「みんなを笑わせてあげるのはとても楽しいや」
笑いキノコ君はニコニコしながら歩いていました。
するとむこうのほうでまただれか泣いています。
しかもこんどは、ひとりではなく、おおぜいのようです。
笑いキノコ君はいそいでそちらへむかいました。
シクシク
シクシク
みんな黒いふくをきています。

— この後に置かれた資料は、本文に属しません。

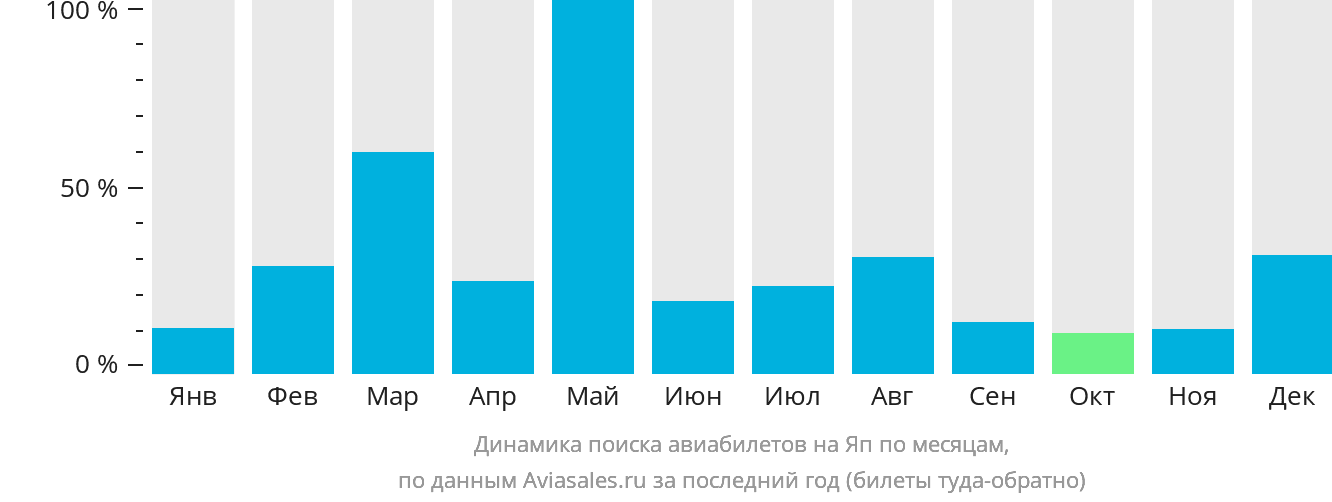 Динамика поиска авиабилетов на Яп по месяцам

どうやらだれか、
なくなってしまったようです。
「ともこや、もどってきておくれ、シクシク、シクシク」
おじいさんが大つぶのなみだをこぼしながら、
おいてあるしゃしんにむかってはなしかけています。
しゃしんには十さいくらいの女の子がうつっています。
泣いている人を笑わせてあげるのが大好きな笑い
キノコ君、こんかいもまたみんなを笑わせてあげようと、
うたいながらみんなの前でおどりだしました。
これを見て、ものすごくおこったのがおじいさん、
「わしのかわいいかわいいまごが死んだという
のに、なんというやつじゃ!」
おじいさんは笑いキノコ君をつかまえ、なべに
入れて食べてしまったのです!
「うむ、これはうまい!ともこにもいちど食べさせて
やりたかったのう」
やがておじいさんはおなかいっぱいになりました。
すると今まで泣いたりおこったりしていたかおが、
しだいにゆるまり、やがてニコッとすてきなえがおに
なりました。
「ふしぎじゃ、さきほどまでのイライラがうその
ようじゃ。おまけになんだか力もわいてきた
みたいじゃぞ」
まごをなくし、すっかりげんきをなくしていたおじい
さん、しかし笑いキノコ君を食べたおかげで、生きる
げんきがふたたびもどってきたようです。